Ennuyer volontairement le spectateur ne pardonne pas, car ce dernier n’a pas le choix de se soustraire à l’œuvre (quand on paye sa place, on n'a pas envie de se barrer...) sans en perdre l’essence globale de la continuité (la contrainte est aujourd’hui définitivement brisée avec le DVD et le chapitrage). Gallo joue abondamment avec cette contrainte, mais avec un déséquilibre criant de générosité. Car il se rattrape le bougre et c’est ce qui est le plus fort, en tout cas qui sauve son projet du naufrage le plus total.

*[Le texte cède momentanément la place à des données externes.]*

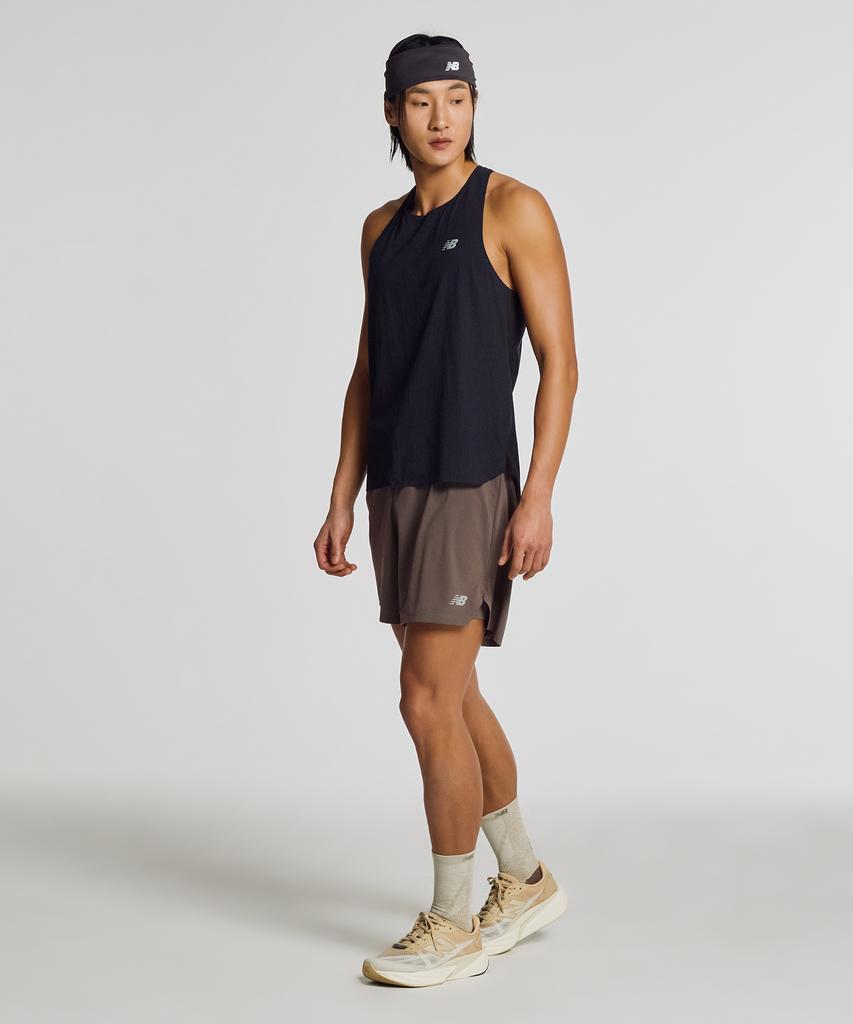 Nyuballanseu Nbnvg26221 / Men 2In1 Rc Shorts 7 Inch (Brown)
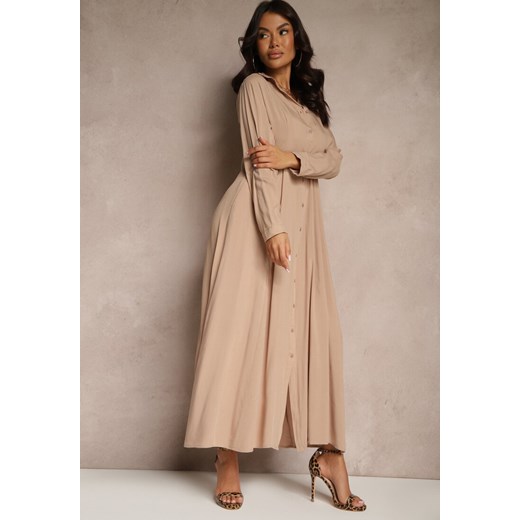Beżowa Sukienka Hillcrest ze sklepu renee.pl w kategorii Sukienki - zdjęcie 179839051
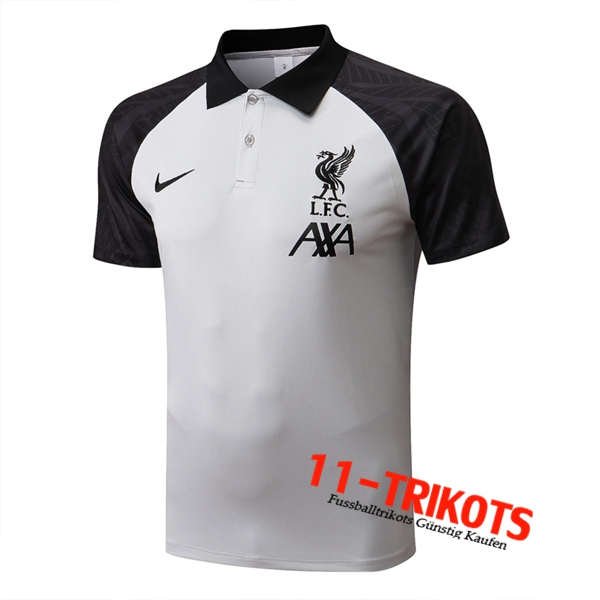 FC Liverpool Poloshirt Schwarz/Grau 2022/2023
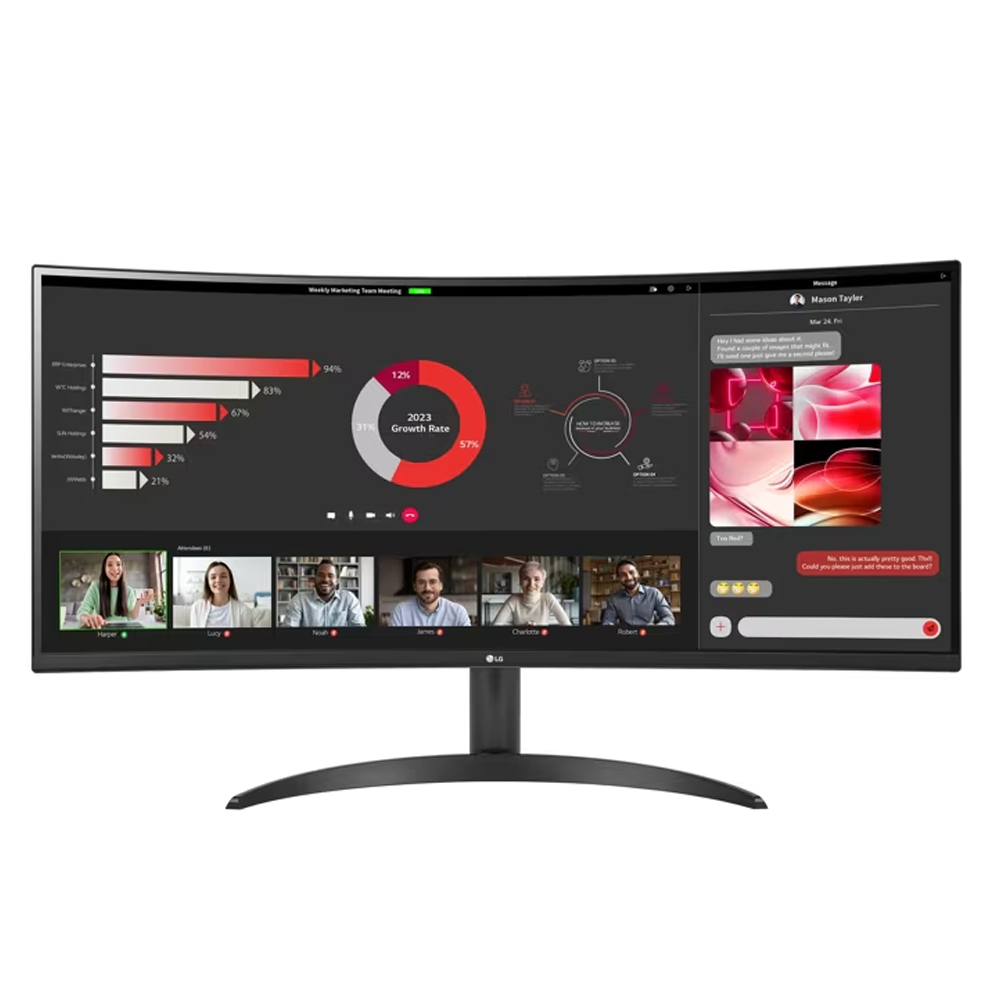 PC Monitor 34" LG Curved UltraWide 34WR50QK-B WQHD LED VA black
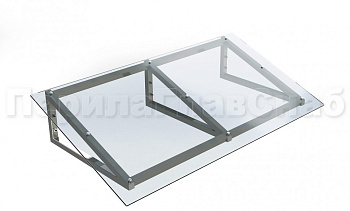 Козырек на треугольном скате из поликарбоната в Ростове-на-Дону. Готовые проекты ПерилаГлавСнаб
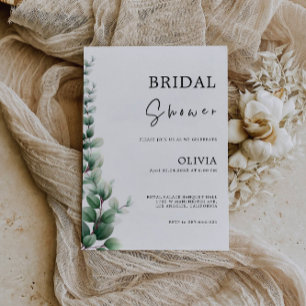 Greenery Bridal Shower Invitation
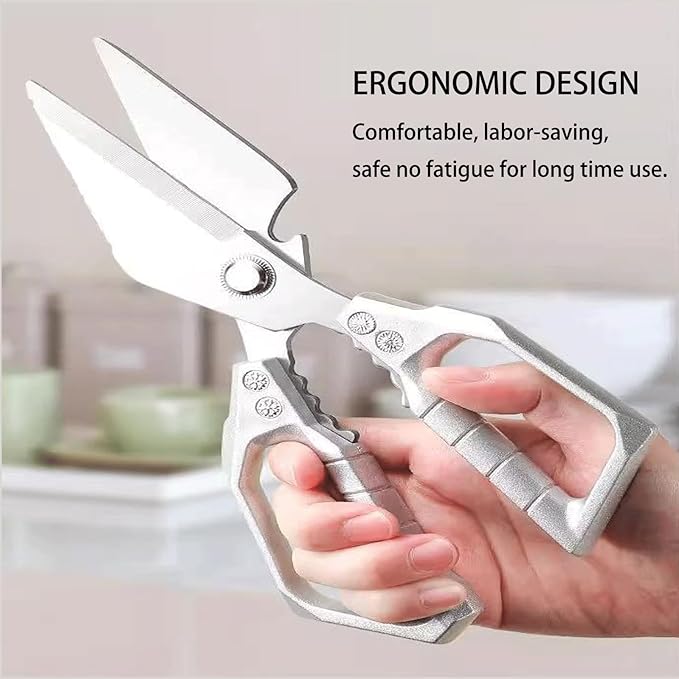 Kitchen Scissors all Purpose, Stainless Steel Kitchen Shears, Meat Scissors - Image 4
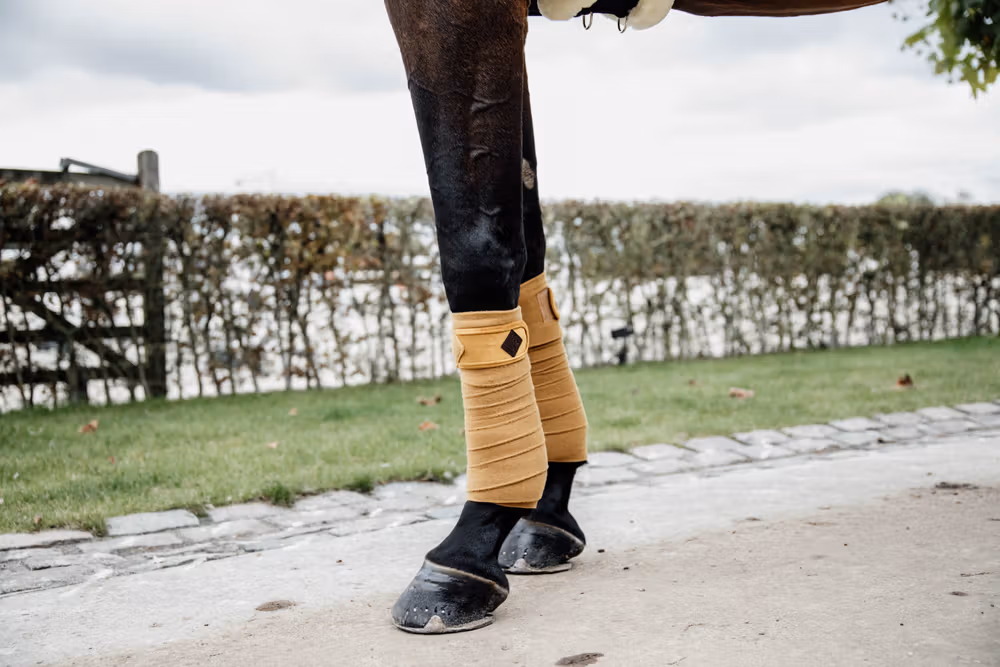 Polar Fleece bandage velvet mustard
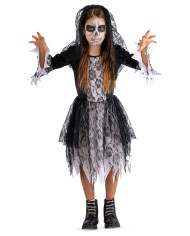 Costume sposa scheletro in busta con gancio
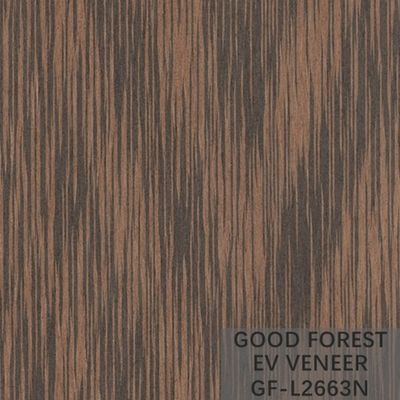 Le bois machiné plaquent le poulet Wing Wood Veneer 2500*640 millimètre de Wenge
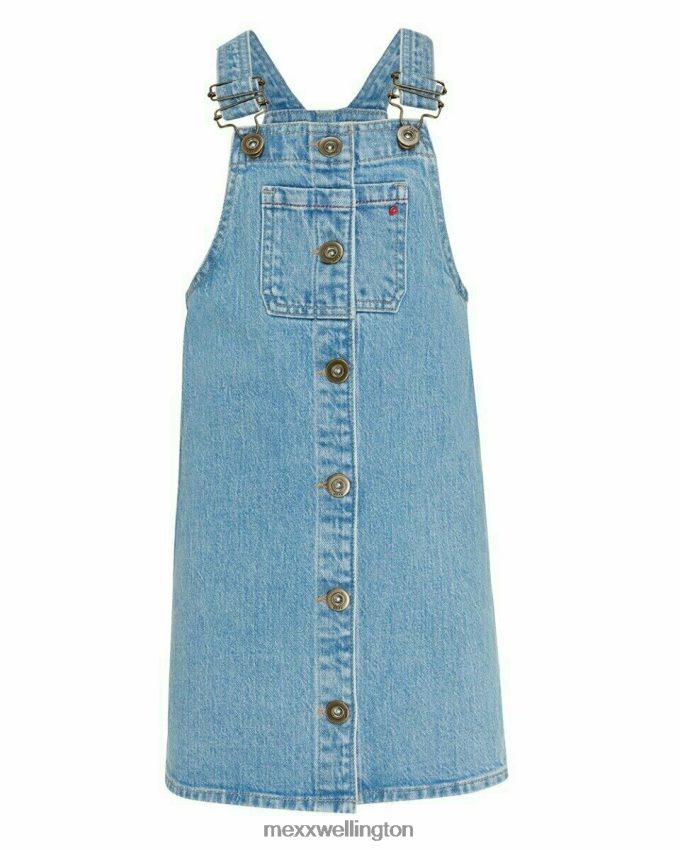 Girls Mexx Blue Dorina denim dress light vintage 2B480T862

Sa scène d’amour désespérée marque par son intensité (oui, ceci est bien une pipe, mais on s’en fout), sa sincérité naïve, sa poésie et éclaire le laborieux périple passé d’un jour nouveau mais bien trop tardif.
Avec son film flingué, qui se boucle précipitamment par un gros point final en forme de grosse tâche d’encre , Gallo se fait plaisir en égoïste, mais finalement offre quelque chose d’inhabituel et d’accessible compte tenu de la simplicité basique de son récit, digne des lyrics d’un morceau rock. Il y a des convictions assumées avec candeur et dérision, une envie d’expérimenter avec ses moyens modestes, de concrétiser les idées avec un souci extrême d’intégrité. Un film à part, à contre sens.